It can pick up that response and start giving you an
answer right away. So that's another very key
benefit that approach
provides and brings to you. It's also
a lot more cheaper to do it this way than
to fine-tune a model from scratch.
And last but not least, it solves a problem
called model pollution,
where you might be afraid that the large language
model is being trained on your data.
And now if you're using that large language model from another vendor,
you might be afraid, oh, what if that vendor jumps into MySpace?
So, for example, let's say RutterStack wants to put all of their documentation
and even source code inside of a large language model.
Oh, what prevents you now from repeating RutterStack?
So you need to have this balance between the large language model is not being trained
on the data, it's simply serving the data back and interpreting the data.
So here's some of the problems that this kind of approach of ground degeneration, which
by the way, that's not unique to us.
Like ground generation is a technique that many companies do.
I think we are the best at doing it.
It's also referred to sometimes as retrieval augmented generation is the name of that.

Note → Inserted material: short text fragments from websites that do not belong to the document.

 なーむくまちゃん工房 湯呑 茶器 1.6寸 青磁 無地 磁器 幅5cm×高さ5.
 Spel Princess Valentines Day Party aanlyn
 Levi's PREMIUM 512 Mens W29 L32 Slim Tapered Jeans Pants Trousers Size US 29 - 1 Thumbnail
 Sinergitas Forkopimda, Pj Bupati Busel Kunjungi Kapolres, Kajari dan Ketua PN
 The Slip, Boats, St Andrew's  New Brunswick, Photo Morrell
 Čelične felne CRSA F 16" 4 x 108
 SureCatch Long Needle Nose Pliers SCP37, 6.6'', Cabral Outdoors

Now, can I address your other question about developers?
Yes, please. Yes. So I have a layman way I used to explain this. There's two types of developers
in this world and they're both important types and they both spend money and we should, as vendors,
we should be building for both of them. The type i call them the ikea developers like ikea the furniture company and the other
type i call the home depot developers so what's the difference here the home depot developers
they are very descriptive in nature so descriptive is the more technical term so what that means is
they like to describe to me what I can do.
Don't tell me what I can do.
Describe to me what I can do.
Give me all the Lego blocks.
Give me all the pieces and let me figure it out.

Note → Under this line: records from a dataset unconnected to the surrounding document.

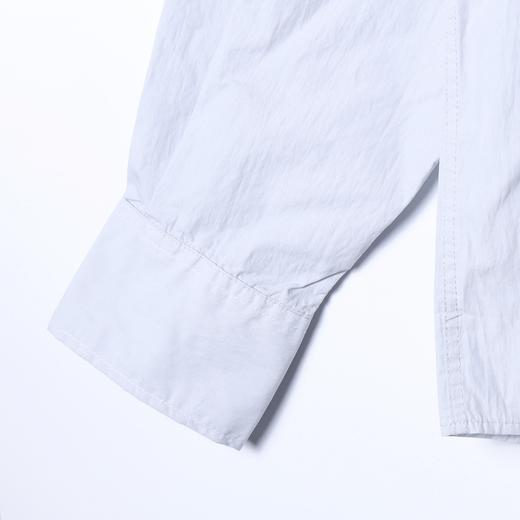 31232SDSA男士秋冬新款痞帅男装美式彩色字母印花长袖衬衫百搭休闲衬衣 商品图3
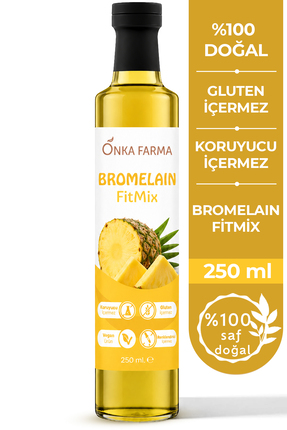 OnkaFarma Onka Farma Bromelain Fitmix 250 ml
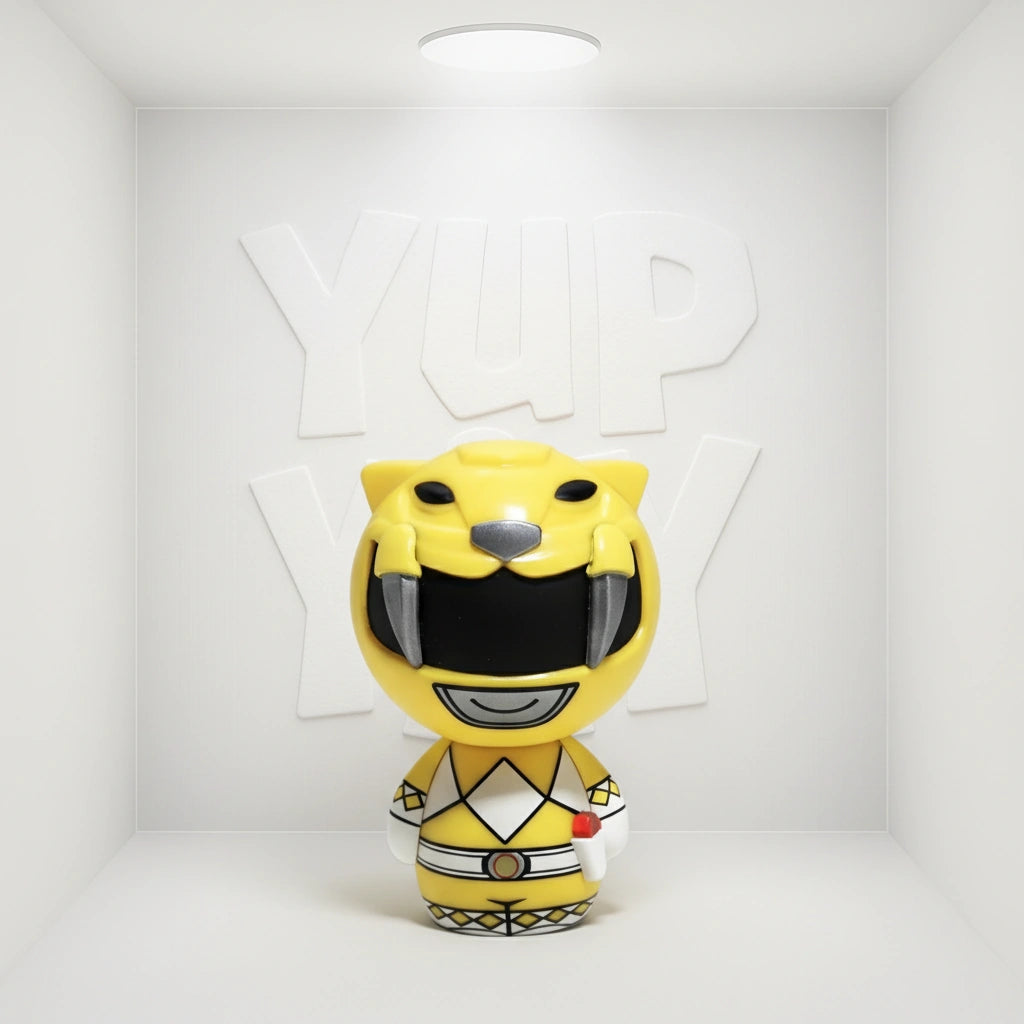 Funko Dorbz: Power Rangers - Yellow Ranger (Chase) #257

So that's like Home Depot. I'm going to go to Home Depot.
I'm going to buy the planks of wood.
I'm going to buy the hammer, the nails, and the saw.
And I'm going to make a nice desk myself because I love making desks.

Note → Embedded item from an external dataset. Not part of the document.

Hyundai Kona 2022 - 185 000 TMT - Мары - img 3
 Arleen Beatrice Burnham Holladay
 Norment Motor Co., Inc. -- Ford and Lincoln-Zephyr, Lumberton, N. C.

It's something I enjoy doing.
Right?
So that's the first type of developer.
Most Silicon Valley type developers, they tend to be in that category.
They tend to be, give me the building blocks and let me figure it out.
That's why Cloudera actually was doing very well in the Silicon Valley.
Because Cloudera was a very complex platform that had all of these Lego blocks.
The IKEA developer, which prefers something like a snowflake or a Victara, they are like,
don't let me figure out how to do it. I don't know how to do it. Tell me how to do it. So they
are prescriptive in nature. They're like, give me the recipe. The recipe has step number one,
do this. Step number two, do that. Step number three, do this. And then at the end, I have an
amazing solution that is working.
So that's IKEA.
When you buy this desk inside of a box and it has steps, the recipe, the prescription,
you end doing the prescription and you end up with an amazing desk.
So that's exactly the model that Snowflake followed.
And it's the model that BigPara is following.
I think both are important.
I think you can make good money from both approaches.
I might be wrong, but I think there is more developers in the IKEA category
that just want to get their job done.
Give me an nice and easy to use API that gets my job done versus the other category of give me all the building blocks and let me figure it out myself.
Yeah, yeah.
I agree.
I mean, we can talk a lot about that actually.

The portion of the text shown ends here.